-- Source data --

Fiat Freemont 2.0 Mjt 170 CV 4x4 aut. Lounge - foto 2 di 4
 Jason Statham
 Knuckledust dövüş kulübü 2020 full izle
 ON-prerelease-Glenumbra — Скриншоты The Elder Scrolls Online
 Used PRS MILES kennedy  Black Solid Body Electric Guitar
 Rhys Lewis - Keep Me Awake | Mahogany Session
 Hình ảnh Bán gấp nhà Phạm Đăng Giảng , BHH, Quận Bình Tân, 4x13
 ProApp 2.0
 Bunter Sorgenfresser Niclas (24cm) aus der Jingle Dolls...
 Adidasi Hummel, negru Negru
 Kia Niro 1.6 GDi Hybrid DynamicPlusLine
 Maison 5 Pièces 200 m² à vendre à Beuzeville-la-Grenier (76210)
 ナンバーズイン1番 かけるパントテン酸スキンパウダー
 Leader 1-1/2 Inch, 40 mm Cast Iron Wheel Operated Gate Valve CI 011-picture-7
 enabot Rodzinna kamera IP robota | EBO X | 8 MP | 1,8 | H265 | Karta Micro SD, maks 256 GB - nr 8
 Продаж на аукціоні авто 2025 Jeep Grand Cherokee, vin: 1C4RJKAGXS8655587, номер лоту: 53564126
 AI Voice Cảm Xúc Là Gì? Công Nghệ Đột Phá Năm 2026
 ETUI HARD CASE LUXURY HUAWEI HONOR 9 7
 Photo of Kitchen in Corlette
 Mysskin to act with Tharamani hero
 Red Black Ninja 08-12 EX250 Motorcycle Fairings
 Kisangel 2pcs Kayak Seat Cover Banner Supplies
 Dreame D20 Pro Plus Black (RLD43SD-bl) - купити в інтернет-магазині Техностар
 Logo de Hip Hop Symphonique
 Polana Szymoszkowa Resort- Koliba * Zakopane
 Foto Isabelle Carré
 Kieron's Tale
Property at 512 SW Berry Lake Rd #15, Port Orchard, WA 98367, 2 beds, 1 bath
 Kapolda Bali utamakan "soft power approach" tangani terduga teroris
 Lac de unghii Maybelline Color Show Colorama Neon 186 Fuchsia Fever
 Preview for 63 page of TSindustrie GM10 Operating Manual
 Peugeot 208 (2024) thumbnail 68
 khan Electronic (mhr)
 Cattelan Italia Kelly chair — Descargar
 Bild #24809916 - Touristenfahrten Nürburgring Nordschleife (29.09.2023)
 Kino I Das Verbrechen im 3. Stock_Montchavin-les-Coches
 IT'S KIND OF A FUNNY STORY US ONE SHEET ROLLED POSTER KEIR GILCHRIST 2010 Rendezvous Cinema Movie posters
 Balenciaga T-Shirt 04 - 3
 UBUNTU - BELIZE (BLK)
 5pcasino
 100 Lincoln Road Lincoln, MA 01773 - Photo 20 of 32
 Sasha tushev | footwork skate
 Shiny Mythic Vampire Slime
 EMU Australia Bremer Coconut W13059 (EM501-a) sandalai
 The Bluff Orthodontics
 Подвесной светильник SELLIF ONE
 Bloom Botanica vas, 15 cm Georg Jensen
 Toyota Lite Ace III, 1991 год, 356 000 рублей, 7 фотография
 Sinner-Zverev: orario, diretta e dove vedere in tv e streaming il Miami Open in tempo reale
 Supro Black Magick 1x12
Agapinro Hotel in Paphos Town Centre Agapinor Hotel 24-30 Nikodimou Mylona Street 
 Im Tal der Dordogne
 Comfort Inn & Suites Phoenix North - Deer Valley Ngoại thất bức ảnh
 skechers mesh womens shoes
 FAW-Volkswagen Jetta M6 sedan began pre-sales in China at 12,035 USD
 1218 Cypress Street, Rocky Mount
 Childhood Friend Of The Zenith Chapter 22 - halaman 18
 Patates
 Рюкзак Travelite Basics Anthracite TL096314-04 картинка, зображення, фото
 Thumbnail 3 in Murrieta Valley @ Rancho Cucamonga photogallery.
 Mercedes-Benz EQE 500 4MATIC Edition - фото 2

-- How to complete this task --
Search the material for the word "Valley" and copy each line where it occurs.

-- Task output --
 Comfort Inn & Suites Phoenix North - Deer Valley Ngoại thất bức ảnh
 Thumbnail 3 in Murrieta Valley @ Rancho Cucamonga photogallery.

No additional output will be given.